Kaspar Kasparovich was working for an organization called “Zagotskot” (“Supply of cattle”; translator’s note).
One dark night that was a loud knocking to be heard. Great-grandfather opened the door of their little room. Three men came in. The wore short leather coats with shoulder straps; they ordered him to get ready and go with them. My grandmother recalls his last words:” Well then, we will not see eachother again”. He looked glass-eyed. They did not see him again.
After Kaspar Kasparych’s arrest, Sofia Genrichovna relocated with her children to B-Kosul. Some relatives lived there. Four families lived in the small hut. They had nothing to wear , no food.
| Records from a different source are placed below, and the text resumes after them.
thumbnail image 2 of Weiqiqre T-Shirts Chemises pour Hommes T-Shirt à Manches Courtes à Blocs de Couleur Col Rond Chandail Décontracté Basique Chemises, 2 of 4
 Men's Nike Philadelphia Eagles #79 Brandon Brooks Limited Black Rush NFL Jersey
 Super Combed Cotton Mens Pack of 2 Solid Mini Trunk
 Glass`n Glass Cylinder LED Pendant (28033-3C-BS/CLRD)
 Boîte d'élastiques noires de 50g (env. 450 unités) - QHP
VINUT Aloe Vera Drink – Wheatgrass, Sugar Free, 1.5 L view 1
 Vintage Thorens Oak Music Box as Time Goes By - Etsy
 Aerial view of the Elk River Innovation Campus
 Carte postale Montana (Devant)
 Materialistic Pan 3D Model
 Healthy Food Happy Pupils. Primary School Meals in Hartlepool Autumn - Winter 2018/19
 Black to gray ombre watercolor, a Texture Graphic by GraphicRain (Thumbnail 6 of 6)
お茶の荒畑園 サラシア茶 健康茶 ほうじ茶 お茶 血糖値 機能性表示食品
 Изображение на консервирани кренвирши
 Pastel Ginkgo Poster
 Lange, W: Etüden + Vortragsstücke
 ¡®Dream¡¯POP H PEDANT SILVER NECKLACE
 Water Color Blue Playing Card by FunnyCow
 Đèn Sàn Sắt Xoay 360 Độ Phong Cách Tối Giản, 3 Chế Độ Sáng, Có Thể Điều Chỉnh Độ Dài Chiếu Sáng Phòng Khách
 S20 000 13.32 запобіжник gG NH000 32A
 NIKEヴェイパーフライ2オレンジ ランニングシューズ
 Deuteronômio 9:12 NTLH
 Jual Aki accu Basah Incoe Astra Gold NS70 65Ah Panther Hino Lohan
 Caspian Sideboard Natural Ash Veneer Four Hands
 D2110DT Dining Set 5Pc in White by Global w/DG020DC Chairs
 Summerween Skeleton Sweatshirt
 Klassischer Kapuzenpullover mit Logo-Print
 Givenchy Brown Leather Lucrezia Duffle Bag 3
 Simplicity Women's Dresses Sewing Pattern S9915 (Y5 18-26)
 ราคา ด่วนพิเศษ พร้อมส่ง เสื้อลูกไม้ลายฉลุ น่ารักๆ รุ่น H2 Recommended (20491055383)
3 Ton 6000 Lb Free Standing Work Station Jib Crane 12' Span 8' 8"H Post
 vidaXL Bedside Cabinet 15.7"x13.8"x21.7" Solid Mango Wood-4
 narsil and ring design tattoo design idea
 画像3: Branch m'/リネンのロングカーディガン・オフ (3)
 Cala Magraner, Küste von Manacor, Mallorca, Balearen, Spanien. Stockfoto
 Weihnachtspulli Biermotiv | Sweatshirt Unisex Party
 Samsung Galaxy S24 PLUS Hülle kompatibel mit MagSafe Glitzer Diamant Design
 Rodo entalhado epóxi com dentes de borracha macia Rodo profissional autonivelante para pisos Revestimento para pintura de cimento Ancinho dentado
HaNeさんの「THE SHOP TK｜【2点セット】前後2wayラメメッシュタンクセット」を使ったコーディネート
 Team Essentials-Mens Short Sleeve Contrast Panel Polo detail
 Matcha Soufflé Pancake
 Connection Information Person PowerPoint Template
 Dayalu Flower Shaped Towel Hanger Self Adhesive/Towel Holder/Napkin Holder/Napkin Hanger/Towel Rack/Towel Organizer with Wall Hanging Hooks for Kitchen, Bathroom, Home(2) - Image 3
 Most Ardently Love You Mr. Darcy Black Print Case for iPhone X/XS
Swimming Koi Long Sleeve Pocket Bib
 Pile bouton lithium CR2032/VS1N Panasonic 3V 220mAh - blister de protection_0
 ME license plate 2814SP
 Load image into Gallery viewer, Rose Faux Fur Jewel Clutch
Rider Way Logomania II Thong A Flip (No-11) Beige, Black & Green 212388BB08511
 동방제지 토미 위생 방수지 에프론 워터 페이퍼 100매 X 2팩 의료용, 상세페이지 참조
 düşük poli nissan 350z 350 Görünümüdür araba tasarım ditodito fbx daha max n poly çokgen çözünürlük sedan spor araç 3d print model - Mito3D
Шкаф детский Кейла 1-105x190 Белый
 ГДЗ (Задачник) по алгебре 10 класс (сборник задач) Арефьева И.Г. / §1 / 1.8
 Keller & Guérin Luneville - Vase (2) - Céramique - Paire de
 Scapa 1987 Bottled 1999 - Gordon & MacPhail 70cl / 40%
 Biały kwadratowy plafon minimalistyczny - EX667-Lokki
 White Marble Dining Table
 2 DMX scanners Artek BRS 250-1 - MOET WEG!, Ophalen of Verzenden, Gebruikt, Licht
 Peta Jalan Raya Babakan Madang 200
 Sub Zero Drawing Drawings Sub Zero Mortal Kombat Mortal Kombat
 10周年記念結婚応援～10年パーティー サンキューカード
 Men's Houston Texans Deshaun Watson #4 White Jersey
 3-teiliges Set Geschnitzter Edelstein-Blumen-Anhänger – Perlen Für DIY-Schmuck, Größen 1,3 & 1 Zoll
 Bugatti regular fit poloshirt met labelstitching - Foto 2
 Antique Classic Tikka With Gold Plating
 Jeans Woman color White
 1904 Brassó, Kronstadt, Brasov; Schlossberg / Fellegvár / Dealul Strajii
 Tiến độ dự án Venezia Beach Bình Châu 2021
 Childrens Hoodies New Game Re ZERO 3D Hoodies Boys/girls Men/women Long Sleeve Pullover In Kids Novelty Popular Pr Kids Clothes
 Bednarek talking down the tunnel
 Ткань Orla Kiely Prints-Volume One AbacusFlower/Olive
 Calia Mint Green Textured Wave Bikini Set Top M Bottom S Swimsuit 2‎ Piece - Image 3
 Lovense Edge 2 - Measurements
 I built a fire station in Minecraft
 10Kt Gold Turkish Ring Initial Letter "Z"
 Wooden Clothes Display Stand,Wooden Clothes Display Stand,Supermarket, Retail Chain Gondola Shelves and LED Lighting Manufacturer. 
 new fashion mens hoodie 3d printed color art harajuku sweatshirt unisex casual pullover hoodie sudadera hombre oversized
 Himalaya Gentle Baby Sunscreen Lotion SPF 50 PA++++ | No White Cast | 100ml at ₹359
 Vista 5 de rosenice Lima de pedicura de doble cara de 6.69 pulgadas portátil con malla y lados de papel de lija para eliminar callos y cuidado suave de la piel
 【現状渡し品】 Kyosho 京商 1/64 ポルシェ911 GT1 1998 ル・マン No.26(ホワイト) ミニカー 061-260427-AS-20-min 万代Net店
Sofia Genrichovna did not find a job, for she had no passport to prove her identity.
It turned out hat there was not enough space in the hut to accommodate them. However, there were stables behind the house with an adjacent attic. Great-grandmother and her children moved into this building.
At that time you would find all kinds of people; some of them would even throw stones at the resettlers, calling them “Damned fascists! Get you gone! See that you get to your Germany!”
They did not know, after all, that they were in no relationship at all with Germans in Germany, that they were true Russians – though with German roots – who had earlier lived along the Russian Volga and were all born in Saratov Region, in the village of Krasniy Yar.
In 1952, when grandmother was 16 years old, the head of the commandant’s office, which was housed with the village Soviet , asked her to go there to have her fingerprints taken an register her as “enemy of the people”. She refused to go, feeling that something awful was going on. She decided to insistently offer resistance. She was called three times, but she would not go. Finally, the commandant appeared at home holding a pistol in his hand. He said that if she did not go immediately to have her fingerprints taken, he would shoot her. and only then grandmother set off for the commandant’s office. Grandma Anna Kasparovna remained registered with the commandant’s office as an “enemy of the people” for 5 years, from 1952 till 1957. Every week, on a fixed day, she had to report, thus proving that she had not escaped.
Without a certificate issued by the commandant she was not even allowed to go to Bogotl on foot to buy bread.
In B-Kosul they sold bread in a shop, but kolkhoz farmers would not receive any.
The resettlers went through the woods collecting berries, which they then used to drag over the ties of the railroad line up to Bogotol. They did this in entire secrecy, fearing that someone might see them. They sold the berries and bought themselves bread, which they carried all the way back to the village – without shoes. They arrived at home with burning soles of foot. The yput their feet into a washbowl, poured in cold water and kept sitting until the burning pain was over.
Great-grandmother died in 1984, so that she did not succeed to learn about her husband’s fate. Only after the breakdown of the Soviet system grandmother learned about her father’s fate (copies of the documents are available).
Thus, my grandmother has grown old, too. In her younger days she had always been fighting for her human dignity. All her life she has been working honestly and diligently for the collective good, for her fatherland. She never meant any mischief and always attached utmost importance to teaching her students the good.
This is my grandmother Anna Kasparovna Duka, teacher of the village school.